> Problem requirements
Your task is to copy each line of the records that includes the string "hand".

> Material shown
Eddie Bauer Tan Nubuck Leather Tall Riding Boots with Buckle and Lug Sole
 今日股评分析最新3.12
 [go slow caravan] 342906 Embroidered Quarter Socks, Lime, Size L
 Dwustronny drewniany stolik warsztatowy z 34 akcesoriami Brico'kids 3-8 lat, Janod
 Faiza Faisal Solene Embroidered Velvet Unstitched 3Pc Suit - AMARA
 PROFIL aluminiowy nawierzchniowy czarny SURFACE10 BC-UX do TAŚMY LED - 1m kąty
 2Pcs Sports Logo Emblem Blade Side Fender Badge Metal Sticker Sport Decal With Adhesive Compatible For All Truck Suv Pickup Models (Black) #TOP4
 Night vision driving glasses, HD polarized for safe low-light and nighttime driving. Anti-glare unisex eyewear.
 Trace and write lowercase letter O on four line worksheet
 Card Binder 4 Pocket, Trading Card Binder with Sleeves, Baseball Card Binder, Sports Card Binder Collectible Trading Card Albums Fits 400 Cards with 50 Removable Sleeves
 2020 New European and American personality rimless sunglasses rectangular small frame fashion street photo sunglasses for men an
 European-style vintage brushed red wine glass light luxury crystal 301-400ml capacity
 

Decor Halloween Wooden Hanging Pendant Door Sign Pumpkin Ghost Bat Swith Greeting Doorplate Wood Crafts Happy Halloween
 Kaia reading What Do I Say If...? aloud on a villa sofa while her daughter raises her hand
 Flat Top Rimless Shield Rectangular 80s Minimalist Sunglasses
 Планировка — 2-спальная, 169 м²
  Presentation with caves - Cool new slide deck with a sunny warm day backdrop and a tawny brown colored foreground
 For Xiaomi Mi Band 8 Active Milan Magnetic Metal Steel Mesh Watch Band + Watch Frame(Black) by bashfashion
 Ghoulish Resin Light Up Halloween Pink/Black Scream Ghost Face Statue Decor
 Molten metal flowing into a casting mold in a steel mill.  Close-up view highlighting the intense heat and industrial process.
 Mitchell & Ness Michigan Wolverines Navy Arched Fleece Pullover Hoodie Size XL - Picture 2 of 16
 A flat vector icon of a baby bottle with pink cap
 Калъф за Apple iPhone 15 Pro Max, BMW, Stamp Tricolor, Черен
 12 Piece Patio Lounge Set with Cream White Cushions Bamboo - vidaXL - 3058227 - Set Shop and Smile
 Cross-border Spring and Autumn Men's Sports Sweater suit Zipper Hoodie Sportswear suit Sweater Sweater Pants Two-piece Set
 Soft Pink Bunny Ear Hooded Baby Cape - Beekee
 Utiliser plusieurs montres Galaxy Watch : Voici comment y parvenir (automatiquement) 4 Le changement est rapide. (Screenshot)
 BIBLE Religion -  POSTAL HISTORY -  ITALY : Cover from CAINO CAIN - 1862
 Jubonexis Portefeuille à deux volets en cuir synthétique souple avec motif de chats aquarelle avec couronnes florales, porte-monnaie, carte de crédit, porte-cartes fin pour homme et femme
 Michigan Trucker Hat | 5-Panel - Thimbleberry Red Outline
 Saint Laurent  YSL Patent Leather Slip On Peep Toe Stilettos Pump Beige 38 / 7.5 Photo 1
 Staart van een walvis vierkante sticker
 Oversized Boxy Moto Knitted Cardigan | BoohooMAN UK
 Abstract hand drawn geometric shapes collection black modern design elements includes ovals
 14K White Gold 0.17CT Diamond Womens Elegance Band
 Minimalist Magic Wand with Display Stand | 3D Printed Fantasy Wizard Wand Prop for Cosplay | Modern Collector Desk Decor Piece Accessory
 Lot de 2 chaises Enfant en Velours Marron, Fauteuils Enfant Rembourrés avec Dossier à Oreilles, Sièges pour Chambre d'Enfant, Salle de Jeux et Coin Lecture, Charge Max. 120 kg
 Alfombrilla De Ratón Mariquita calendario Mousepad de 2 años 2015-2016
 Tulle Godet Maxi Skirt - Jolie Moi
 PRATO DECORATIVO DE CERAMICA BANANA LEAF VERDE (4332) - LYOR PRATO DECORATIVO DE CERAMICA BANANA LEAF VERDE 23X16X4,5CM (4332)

> Written solution
 Kaia reading What Do I Say If...? aloud on a villa sofa while her daughter raises her hand
 Abstract hand drawn geometric shapes collection black modern design elements includes ovals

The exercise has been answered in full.